Former PhD Student abstract: Laura Guerrero, PhD

Research looking south: Water science for low income countries and humanitarian scenarios

Regarding the insufficient results Millennium Development Goals after 2015 deadlines, there is an increasing need of new strategies to increase access basic services, like safe water in rural low income regions. Moreover it has been demonstrated that water treatment technologies must be adapted towards sustainability and acceptability for a good adherence among the most needed populations.

My short scientific career have had water science for the “south” and however the difficulties found on the path I would like to expose few results obtained.

Firstly, during my phd I focused on the improvement of a household water treatment technology for viral removal: the black ceramic water filters. During my post doc in Ecuador we’ve implemented this prototype in an Andean community to evaluate its impact of their use.

In the other hand, I’ve also collaborated with different NGOs in a particular problem faced in humanitarian crisis: Hepatitis E Virus outbreaks in refugee camps (Eastern Chad and South Sudan).

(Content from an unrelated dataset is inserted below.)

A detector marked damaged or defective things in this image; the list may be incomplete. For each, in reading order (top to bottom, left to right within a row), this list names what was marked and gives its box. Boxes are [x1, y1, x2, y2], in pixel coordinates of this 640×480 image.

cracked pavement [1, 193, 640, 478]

Former PhD Student abstract: Maria Almuedo, PhD

Scale-invariant patterning by size-dependent inhibition of Nodal signaling

Scale-invariant patterning guarantees the maintenance of tissue and organ proportions of individuals independently of changes in the size of the organism. We generated smaller zebrafish by removing 30% of their cells at blastula stages and found that these embryos developed into normally patterned individuals. Strikingly, the proportions of all germ layers adjusted to the new embryo size within two hours after cell removal. Since Nodal/Lefty signalling controls germ layer patterning, we performed a computational screen for scale-invariant models of this activator/inhibitor system. This analysis predicted that the concentration of the highly diffusive inhibitor Lefty increases in smaller embryos, leading to a decreased Nodal activity range and contracted germ layer dimensions. In vivo studies confirmed that Lefty levels increased in smaller embryos, and embryos with reduced Lefty concentration or with diffusion-hindered Lefty failed to scale their tissue proportions. These results reveal that size-dependent inhibition of Nodal signalling allows scale-invariant patterning.